Okay, I've got a couple things going on. MS-320, 10.40 firmware. I have 5 total sites: 3 sites on an old MetroLan, with the MS-320s setup to be DHCP Relays to a Windows DHCP server (DC01 and DC02). 2 sites on a GB circuit, one with DHCP relay and the other with no DHCP as the DCs are on its LAN. Each site has its own scope on a /19 subnet.
The Cisco ME3400 that serves as a 'collector' for the old MetroLan failed (known issue per Cisco). AT&T replaced it the day before Thanksgiving, and everything seemed to be working correctly. Except 5 days later, the MS-320s starting doing something strange. Instead of using the Windows DHCP server, they are now using each other as DHCP. For instance, Site1 shows logs with alerts for multiple DHCP servers detected, and lists the MS-320 at Site1, Site2, and Site3 as DHCP servers, but it is not listing the actual Windows DHCP server! The other site with a relay (on the new circuit) shows DC01 and DC02 properly. Further, on the DHCP & ARP page I see the 3 sites propogated multiple times at each site connected with the old MetroLan. Because the relays aren't working properly, I'm getting a flood of DHCP requests returned with NACK. Further, many printers that have DHCP reservations are reverting to APIPA due to this.
I cannot block the offending DHCP entries because "it is a configured switch in this network'. All 5 MS-320s are in a single organization. Besides the replacement ME3400 not being configured by AT&T properly (but was running almost 5 days without this issue), I can't think of why this is happening.

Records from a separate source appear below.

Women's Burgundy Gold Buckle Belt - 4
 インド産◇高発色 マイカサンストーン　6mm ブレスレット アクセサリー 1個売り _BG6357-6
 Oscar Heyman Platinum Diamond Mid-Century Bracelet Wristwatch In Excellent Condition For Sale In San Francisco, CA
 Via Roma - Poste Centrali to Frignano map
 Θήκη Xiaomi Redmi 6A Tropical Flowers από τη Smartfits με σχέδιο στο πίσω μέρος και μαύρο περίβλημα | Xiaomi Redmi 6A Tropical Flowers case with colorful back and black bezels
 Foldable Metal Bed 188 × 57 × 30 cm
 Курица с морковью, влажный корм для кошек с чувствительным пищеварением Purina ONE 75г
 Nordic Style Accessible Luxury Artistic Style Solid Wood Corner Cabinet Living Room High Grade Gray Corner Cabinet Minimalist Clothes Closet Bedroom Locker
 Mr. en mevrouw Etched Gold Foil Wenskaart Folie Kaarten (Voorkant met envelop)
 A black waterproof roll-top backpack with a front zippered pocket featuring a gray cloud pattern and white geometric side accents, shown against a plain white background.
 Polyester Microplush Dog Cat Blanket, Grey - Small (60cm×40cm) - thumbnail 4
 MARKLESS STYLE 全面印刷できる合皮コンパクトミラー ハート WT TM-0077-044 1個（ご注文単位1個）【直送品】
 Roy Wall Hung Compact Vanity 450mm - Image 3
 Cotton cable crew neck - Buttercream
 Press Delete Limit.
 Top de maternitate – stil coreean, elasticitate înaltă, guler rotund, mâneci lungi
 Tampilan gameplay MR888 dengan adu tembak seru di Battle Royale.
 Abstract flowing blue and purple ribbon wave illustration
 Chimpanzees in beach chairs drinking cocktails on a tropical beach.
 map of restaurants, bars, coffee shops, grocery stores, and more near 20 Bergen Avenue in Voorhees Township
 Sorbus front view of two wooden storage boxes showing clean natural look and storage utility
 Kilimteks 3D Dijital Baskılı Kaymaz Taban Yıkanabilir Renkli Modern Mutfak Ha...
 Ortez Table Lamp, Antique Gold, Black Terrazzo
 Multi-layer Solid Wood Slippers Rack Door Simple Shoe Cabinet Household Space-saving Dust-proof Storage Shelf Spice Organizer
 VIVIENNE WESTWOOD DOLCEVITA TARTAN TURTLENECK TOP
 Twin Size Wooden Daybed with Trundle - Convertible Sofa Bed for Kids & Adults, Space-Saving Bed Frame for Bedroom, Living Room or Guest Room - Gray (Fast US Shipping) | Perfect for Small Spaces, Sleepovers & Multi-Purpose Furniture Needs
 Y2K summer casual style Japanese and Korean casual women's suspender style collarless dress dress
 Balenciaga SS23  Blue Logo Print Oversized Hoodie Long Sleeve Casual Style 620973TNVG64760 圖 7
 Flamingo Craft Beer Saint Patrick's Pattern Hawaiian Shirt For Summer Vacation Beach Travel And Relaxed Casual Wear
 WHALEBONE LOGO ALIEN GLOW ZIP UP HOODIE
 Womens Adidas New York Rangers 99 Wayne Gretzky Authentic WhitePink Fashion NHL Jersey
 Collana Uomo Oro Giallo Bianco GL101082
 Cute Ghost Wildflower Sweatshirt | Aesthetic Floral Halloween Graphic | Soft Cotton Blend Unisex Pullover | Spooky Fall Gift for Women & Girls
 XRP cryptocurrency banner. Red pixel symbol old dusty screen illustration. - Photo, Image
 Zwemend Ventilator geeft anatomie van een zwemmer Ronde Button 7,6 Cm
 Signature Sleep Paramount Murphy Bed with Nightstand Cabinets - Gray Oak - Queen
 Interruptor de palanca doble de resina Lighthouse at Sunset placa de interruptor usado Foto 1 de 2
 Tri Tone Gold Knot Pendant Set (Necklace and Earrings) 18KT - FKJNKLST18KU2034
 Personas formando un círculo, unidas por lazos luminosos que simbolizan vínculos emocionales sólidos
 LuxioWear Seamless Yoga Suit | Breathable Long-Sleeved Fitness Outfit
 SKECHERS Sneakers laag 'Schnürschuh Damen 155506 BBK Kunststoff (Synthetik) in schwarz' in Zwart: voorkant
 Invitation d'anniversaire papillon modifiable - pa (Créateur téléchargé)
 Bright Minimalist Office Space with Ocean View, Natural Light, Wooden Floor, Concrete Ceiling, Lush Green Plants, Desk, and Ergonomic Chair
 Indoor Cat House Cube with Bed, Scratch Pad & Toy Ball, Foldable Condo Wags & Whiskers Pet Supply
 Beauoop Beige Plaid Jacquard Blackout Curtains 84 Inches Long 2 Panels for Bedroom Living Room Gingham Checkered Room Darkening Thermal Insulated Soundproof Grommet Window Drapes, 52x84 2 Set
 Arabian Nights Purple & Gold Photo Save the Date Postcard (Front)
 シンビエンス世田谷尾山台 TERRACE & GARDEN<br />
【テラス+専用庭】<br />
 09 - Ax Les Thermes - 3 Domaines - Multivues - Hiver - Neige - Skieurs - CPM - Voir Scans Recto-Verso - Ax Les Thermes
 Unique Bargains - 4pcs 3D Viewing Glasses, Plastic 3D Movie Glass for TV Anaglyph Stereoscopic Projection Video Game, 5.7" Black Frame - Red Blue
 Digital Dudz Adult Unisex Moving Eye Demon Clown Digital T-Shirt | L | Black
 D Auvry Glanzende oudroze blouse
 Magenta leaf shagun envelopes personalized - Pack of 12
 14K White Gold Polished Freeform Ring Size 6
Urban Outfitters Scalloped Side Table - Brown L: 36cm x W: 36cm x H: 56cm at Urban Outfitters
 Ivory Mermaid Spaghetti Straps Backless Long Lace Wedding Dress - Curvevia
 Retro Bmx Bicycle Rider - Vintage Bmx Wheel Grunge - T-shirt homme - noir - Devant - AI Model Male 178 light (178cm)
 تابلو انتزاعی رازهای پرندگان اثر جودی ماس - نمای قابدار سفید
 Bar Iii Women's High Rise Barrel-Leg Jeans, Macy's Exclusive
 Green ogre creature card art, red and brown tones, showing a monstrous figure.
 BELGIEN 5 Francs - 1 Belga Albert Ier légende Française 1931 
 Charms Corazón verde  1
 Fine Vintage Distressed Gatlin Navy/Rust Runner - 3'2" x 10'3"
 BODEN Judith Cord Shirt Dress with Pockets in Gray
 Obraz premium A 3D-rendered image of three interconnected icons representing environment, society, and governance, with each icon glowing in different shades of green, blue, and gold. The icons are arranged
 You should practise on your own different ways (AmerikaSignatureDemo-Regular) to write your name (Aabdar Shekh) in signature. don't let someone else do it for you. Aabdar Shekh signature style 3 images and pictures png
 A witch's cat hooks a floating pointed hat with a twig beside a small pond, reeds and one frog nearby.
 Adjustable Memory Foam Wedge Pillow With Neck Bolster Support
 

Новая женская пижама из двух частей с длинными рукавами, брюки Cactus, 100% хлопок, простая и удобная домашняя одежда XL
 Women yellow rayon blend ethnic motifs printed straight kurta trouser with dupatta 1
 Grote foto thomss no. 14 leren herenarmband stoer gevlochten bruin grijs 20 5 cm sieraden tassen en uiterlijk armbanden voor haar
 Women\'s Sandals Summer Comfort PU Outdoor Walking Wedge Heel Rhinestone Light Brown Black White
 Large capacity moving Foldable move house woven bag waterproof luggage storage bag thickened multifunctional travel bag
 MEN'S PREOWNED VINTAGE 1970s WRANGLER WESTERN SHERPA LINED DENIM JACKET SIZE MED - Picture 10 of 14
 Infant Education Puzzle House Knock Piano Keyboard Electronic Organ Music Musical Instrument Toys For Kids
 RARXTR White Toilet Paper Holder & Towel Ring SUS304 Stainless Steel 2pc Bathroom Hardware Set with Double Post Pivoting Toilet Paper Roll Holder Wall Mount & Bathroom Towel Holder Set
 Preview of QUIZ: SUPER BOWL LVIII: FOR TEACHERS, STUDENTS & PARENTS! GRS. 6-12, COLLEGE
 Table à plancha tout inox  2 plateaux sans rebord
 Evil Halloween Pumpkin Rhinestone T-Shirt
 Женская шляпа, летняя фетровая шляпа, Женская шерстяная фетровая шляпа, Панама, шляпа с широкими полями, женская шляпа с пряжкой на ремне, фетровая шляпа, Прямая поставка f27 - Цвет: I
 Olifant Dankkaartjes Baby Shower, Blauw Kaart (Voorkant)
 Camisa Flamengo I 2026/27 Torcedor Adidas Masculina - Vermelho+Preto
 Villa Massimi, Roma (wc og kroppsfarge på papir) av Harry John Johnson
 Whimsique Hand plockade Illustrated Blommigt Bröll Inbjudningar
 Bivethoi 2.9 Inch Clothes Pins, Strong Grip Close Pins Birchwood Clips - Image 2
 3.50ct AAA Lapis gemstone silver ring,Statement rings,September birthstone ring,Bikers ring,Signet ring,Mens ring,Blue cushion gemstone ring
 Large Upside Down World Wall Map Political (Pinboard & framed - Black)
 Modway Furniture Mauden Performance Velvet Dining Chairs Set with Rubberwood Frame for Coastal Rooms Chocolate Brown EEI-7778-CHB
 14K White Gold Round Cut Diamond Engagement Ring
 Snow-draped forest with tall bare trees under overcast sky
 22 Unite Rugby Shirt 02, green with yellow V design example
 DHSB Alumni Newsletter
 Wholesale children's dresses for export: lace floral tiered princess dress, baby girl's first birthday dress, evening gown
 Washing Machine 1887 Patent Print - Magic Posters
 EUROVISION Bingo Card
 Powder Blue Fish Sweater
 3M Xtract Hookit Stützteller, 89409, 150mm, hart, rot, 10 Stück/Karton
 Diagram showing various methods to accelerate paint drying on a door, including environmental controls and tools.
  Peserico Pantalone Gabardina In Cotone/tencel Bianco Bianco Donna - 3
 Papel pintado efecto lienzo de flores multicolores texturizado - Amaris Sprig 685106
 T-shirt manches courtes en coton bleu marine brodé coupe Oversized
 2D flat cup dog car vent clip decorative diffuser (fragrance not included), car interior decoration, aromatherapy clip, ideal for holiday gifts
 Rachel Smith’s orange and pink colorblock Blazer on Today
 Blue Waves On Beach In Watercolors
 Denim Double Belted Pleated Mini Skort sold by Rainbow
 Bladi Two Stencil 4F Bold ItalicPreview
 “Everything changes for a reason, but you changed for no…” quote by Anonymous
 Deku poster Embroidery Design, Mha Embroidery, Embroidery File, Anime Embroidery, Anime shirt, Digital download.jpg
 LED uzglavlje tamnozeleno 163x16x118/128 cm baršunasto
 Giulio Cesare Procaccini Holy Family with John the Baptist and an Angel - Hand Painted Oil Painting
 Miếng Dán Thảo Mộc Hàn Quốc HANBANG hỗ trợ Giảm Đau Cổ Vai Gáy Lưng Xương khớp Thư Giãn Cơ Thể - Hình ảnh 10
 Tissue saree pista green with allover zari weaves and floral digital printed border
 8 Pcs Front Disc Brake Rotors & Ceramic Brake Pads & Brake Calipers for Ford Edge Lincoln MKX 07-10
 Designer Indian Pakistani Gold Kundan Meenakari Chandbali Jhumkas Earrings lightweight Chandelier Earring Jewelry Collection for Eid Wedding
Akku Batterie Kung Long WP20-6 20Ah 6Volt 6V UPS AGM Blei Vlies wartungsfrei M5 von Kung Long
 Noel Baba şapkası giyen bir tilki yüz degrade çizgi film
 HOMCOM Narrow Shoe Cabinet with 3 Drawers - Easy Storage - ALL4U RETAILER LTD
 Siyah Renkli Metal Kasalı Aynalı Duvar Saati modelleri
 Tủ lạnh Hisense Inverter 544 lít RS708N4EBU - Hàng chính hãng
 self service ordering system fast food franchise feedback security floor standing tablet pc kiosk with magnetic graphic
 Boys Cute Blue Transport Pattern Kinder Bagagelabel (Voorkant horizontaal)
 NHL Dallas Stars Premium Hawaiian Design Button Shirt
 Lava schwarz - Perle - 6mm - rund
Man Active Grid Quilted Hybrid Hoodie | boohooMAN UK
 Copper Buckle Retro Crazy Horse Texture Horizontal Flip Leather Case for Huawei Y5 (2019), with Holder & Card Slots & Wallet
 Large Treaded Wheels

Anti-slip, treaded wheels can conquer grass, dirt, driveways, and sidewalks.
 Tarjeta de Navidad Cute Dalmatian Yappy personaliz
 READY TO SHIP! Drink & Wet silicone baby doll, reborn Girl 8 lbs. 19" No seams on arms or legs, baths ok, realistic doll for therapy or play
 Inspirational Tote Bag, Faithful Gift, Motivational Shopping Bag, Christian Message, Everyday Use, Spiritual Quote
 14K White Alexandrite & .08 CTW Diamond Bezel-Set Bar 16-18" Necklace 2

The other oddity is that when I go to the OSPF page, it immediately tells me I have changes to be saved even though no change was made. There also a little error in the upper left corner about something needing to be between 1 and 255. That's a little scary! I eventually just hit 'save changes' and that hasn't returned.
It's kind of a dual stub- 3 sites on one stub and 2 on another, but all still routing around each other. The ME3400 is just a collector, that I know of.... it's AT&T's device and I don't have admin access to it. The 3 sites in question go like this- MS320 to ME3400 onsite, then to the ME3400 at the country. That goes to a Cisco 3560 which is where the VLANs are defined for each site. Then that traffic is passed to a MX400 in passthrough mode (just so we can see all traffic at one point) and that's the "end" of my network.
I've seen the network do this before up until the providers were split. Rebooting the ME3400 at the COE ended up solving the issue for awhile (with a lot of other background work first), so I'm very much inclined to think it's the issue. There was a high rate of internet collisions on the uplink ports of each of the 3 MS320s, which was solved by forcing 100MB Full Duplex on the port, but that had really only started a week or so before Thanksgiving. The MS320s were also reporting that the 'Uplink is not using the same VLAN settings as it's connected switchport" which is very similar to the behavior I had seen before, which is what led me to power cycle the ME3400 in the first place, which caused the failure of the device.
Anyhow, I can probably deal with it like this until spring (new circuit being put in place) because it's not causing issues with normal DHCP devices. The biggest issue is that I would have to go around to every device that has a reservation in the DHCP table and set a static IP, otherwise they'd just have intermittent connections. Just saw it this morning with my CTO's PC that was set as a reservation, and that had been working fine last week! I don't see any way to get the MS320s to stop ACK flooding in the current setup.